◆ WHAT IS REQUIRED: Exact repetition of the data is the whole task.

◆ GIVEN DATA:

************

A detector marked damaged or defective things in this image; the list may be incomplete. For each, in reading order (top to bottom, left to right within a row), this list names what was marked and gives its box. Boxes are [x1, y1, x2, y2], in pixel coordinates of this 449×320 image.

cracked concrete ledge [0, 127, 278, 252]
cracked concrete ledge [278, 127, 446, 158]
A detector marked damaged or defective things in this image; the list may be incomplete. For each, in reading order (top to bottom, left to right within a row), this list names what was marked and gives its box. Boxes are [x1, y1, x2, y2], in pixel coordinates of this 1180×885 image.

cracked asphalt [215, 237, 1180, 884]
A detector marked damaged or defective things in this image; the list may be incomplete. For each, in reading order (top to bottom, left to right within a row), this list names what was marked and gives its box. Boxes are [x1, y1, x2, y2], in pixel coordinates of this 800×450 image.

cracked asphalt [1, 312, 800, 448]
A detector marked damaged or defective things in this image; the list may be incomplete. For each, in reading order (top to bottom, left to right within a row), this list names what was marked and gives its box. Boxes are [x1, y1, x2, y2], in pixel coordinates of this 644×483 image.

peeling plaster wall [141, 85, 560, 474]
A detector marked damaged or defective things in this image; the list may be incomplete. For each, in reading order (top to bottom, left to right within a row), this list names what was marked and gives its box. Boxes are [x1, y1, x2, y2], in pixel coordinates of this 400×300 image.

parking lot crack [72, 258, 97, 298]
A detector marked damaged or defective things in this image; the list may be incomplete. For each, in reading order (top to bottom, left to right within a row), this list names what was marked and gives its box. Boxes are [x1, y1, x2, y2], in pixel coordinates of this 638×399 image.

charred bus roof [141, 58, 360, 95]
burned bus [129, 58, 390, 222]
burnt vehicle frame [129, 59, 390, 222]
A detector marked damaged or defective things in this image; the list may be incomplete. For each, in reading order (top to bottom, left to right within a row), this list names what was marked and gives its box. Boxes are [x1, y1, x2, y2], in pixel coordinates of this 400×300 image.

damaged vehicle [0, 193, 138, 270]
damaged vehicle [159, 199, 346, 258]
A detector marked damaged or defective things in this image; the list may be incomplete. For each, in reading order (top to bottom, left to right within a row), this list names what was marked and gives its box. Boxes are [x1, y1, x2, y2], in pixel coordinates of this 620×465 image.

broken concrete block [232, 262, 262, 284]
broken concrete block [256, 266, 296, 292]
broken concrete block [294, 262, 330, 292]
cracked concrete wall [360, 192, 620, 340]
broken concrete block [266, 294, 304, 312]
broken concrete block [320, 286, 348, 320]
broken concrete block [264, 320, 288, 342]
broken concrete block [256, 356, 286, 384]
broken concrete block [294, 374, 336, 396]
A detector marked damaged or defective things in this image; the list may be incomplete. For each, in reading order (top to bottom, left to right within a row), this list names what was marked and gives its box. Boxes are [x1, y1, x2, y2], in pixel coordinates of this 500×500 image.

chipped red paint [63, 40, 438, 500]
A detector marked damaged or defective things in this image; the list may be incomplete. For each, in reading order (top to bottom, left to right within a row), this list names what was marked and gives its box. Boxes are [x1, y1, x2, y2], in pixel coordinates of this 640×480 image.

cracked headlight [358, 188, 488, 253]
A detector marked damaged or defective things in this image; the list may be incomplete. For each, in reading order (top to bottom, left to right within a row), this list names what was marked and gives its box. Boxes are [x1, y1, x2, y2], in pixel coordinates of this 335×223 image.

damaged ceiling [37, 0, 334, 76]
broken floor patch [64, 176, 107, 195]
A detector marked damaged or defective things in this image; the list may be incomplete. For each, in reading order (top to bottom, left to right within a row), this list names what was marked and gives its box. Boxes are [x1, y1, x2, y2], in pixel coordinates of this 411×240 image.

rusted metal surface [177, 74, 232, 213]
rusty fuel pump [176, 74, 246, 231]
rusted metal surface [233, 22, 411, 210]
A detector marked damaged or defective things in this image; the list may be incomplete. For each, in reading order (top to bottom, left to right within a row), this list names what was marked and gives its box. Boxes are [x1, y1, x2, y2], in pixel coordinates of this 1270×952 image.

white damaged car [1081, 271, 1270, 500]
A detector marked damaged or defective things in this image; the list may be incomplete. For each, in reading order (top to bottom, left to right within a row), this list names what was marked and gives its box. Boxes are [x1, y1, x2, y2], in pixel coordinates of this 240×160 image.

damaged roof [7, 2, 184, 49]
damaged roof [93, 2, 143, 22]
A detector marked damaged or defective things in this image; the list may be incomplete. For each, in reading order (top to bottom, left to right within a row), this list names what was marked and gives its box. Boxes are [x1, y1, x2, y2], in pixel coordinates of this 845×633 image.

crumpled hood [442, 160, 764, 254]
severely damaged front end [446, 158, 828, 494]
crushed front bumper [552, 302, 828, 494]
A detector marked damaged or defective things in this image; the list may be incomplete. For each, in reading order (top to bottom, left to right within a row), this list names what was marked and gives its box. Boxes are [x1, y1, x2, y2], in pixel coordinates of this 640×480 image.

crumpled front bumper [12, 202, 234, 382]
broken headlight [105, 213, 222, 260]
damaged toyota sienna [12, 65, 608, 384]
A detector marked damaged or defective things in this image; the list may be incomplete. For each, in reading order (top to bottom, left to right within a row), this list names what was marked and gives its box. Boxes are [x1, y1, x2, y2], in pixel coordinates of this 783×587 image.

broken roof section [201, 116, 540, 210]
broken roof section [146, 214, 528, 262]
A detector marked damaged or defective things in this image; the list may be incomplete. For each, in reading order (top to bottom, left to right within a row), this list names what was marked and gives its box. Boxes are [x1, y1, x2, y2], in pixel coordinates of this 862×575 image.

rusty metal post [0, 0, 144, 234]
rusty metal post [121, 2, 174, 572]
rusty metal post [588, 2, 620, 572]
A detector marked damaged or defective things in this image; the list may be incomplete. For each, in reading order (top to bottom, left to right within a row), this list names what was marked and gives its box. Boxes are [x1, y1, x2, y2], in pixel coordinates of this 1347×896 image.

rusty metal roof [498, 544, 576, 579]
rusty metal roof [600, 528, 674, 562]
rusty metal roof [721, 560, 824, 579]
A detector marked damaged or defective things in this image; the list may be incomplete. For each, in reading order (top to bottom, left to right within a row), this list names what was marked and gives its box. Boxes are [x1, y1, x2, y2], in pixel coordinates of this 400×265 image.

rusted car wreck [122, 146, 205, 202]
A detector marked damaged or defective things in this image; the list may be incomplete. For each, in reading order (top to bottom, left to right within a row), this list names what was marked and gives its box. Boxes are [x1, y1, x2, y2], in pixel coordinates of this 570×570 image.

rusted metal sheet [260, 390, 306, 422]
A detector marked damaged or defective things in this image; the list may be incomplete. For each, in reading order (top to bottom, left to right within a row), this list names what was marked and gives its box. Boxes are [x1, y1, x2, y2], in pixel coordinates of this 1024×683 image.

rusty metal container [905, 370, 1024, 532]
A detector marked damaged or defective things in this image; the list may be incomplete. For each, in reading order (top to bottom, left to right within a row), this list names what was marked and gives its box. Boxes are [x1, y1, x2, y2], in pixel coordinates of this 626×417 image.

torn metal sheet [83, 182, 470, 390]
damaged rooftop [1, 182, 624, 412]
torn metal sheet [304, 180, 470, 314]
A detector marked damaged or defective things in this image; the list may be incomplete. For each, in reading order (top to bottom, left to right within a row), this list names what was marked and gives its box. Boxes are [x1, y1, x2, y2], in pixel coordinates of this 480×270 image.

************

◆ ANSWER SPACE:
A detector marked damaged or defective things in this image; the list may be incomplete. For each, in reading order (top to bottom, left to right within a row), this list names what was marked and gives its box. Boxes are [x1, y1, x2, y2], in pixel coordinates of this 449×320 image.

cracked concrete ledge [0, 127, 278, 252]
cracked concrete ledge [278, 127, 446, 158]
A detector marked damaged or defective things in this image; the list may be incomplete. For each, in reading order (top to bottom, left to right within a row), this list names what was marked and gives its box. Boxes are [x1, y1, x2, y2], in pixel coordinates of this 1180×885 image.

cracked asphalt [215, 237, 1180, 884]
A detector marked damaged or defective things in this image; the list may be incomplete. For each, in reading order (top to bottom, left to right within a row), this list names what was marked and gives its box. Boxes are [x1, y1, x2, y2], in pixel coordinates of this 800×450 image.

cracked asphalt [1, 312, 800, 448]
A detector marked damaged or defective things in this image; the list may be incomplete. For each, in reading order (top to bottom, left to right within a row), this list names what was marked and gives its box. Boxes are [x1, y1, x2, y2], in pixel coordinates of this 644×483 image.

peeling plaster wall [141, 85, 560, 474]
A detector marked damaged or defective things in this image; the list may be incomplete. For each, in reading order (top to bottom, left to right within a row), this list names what was marked and gives its box. Boxes are [x1, y1, x2, y2], in pixel coordinates of this 400×300 image.

parking lot crack [72, 258, 97, 298]
A detector marked damaged or defective things in this image; the list may be incomplete. For each, in reading order (top to bottom, left to right within a row), this list names what was marked and gives its box. Boxes are [x1, y1, x2, y2], in pixel coordinates of this 638×399 image.

charred bus roof [141, 58, 360, 95]
burned bus [129, 58, 390, 222]
burnt vehicle frame [129, 59, 390, 222]
A detector marked damaged or defective things in this image; the list may be incomplete. For each, in reading order (top to bottom, left to right within a row), this list names what was marked and gives its box. Boxes are [x1, y1, x2, y2], in pixel coordinates of this 400×300 image.

damaged vehicle [0, 193, 138, 270]
damaged vehicle [159, 199, 346, 258]
A detector marked damaged or defective things in this image; the list may be incomplete. For each, in reading order (top to bottom, left to right within a row), this list names what was marked and gives its box. Boxes are [x1, y1, x2, y2], in pixel coordinates of this 620×465 image.

broken concrete block [232, 262, 262, 284]
broken concrete block [256, 266, 296, 292]
broken concrete block [294, 262, 330, 292]
cracked concrete wall [360, 192, 620, 340]
broken concrete block [266, 294, 304, 312]
broken concrete block [320, 286, 348, 320]
broken concrete block [264, 320, 288, 342]
broken concrete block [256, 356, 286, 384]
broken concrete block [294, 374, 336, 396]
A detector marked damaged or defective things in this image; the list may be incomplete. For each, in reading order (top to bottom, left to right within a row), this list names what was marked and gives its box. Boxes are [x1, y1, x2, y2], in pixel coordinates of this 500×500 image.

chipped red paint [63, 40, 438, 500]
A detector marked damaged or defective things in this image; the list may be incomplete. For each, in reading order (top to bottom, left to right within a row), this list names what was marked and gives its box. Boxes are [x1, y1, x2, y2], in pixel coordinates of this 640×480 image.

cracked headlight [358, 188, 488, 253]
A detector marked damaged or defective things in this image; the list may be incomplete. For each, in reading order (top to bottom, left to right within a row), this list names what was marked and gives its box. Boxes are [x1, y1, x2, y2], in pixel coordinates of this 335×223 image.

damaged ceiling [37, 0, 334, 76]
broken floor patch [64, 176, 107, 195]
A detector marked damaged or defective things in this image; the list may be incomplete. For each, in reading order (top to bottom, left to right within a row), this list names what was marked and gives its box. Boxes are [x1, y1, x2, y2], in pixel coordinates of this 411×240 image.

rusted metal surface [177, 74, 232, 213]
rusty fuel pump [176, 74, 246, 231]
rusted metal surface [233, 22, 411, 210]
A detector marked damaged or defective things in this image; the list may be incomplete. For each, in reading order (top to bottom, left to right within a row), this list names what was marked and gives its box. Boxes are [x1, y1, x2, y2], in pixel coordinates of this 1270×952 image.

white damaged car [1081, 271, 1270, 500]
A detector marked damaged or defective things in this image; the list may be incomplete. For each, in reading order (top to bottom, left to right within a row), this list names what was marked and gives its box. Boxes are [x1, y1, x2, y2], in pixel coordinates of this 240×160 image.

damaged roof [7, 2, 184, 49]
damaged roof [93, 2, 143, 22]
A detector marked damaged or defective things in this image; the list may be incomplete. For each, in reading order (top to bottom, left to right within a row), this list names what was marked and gives its box. Boxes are [x1, y1, x2, y2], in pixel coordinates of this 845×633 image.

crumpled hood [442, 160, 764, 254]
severely damaged front end [446, 158, 828, 494]
crushed front bumper [552, 302, 828, 494]
A detector marked damaged or defective things in this image; the list may be incomplete. For each, in reading order (top to bottom, left to right within a row), this list names what was marked and gives its box. Boxes are [x1, y1, x2, y2], in pixel coordinates of this 640×480 image.

crumpled front bumper [12, 202, 234, 382]
broken headlight [105, 213, 222, 260]
damaged toyota sienna [12, 65, 608, 384]
A detector marked damaged or defective things in this image; the list may be incomplete. For each, in reading order (top to bottom, left to right within a row), this list names what was marked and gives its box. Boxes are [x1, y1, x2, y2], in pixel coordinates of this 783×587 image.

broken roof section [201, 116, 540, 210]
broken roof section [146, 214, 528, 262]
A detector marked damaged or defective things in this image; the list may be incomplete. For each, in reading order (top to bottom, left to right within a row), this list names what was marked and gives its box. Boxes are [x1, y1, x2, y2], in pixel coordinates of this 862×575 image.

rusty metal post [0, 0, 144, 234]
rusty metal post [121, 2, 174, 572]
rusty metal post [588, 2, 620, 572]
A detector marked damaged or defective things in this image; the list may be incomplete. For each, in reading order (top to bottom, left to right within a row), this list names what was marked and gives its box. Boxes are [x1, y1, x2, y2], in pixel coordinates of this 1347×896 image.

rusty metal roof [498, 544, 576, 579]
rusty metal roof [600, 528, 674, 562]
rusty metal roof [721, 560, 824, 579]
A detector marked damaged or defective things in this image; the list may be incomplete. For each, in reading order (top to bottom, left to right within a row), this list names what was marked and gives its box. Boxes are [x1, y1, x2, y2], in pixel coordinates of this 400×265 image.

rusted car wreck [122, 146, 205, 202]
A detector marked damaged or defective things in this image; the list may be incomplete. For each, in reading order (top to bottom, left to right within a row), this list names what was marked and gives its box. Boxes are [x1, y1, x2, y2], in pixel coordinates of this 570×570 image.

rusted metal sheet [260, 390, 306, 422]
A detector marked damaged or defective things in this image; the list may be incomplete. For each, in reading order (top to bottom, left to right within a row), this list names what was marked and gives its box. Boxes are [x1, y1, x2, y2], in pixel coordinates of this 1024×683 image.

rusty metal container [905, 370, 1024, 532]
A detector marked damaged or defective things in this image; the list may be incomplete. For each, in reading order (top to bottom, left to right within a row), this list names what was marked and gives its box. Boxes are [x1, y1, x2, y2], in pixel coordinates of this 626×417 image.

torn metal sheet [83, 182, 470, 390]
damaged rooftop [1, 182, 624, 412]
torn metal sheet [304, 180, 470, 314]
A detector marked damaged or defective things in this image; the list may be incomplete. For each, in reading order (top to bottom, left to right within a row), this list names what was marked and gives its box. Boxes are [x1, y1, x2, y2], in pixel coordinates of this 480×270 image.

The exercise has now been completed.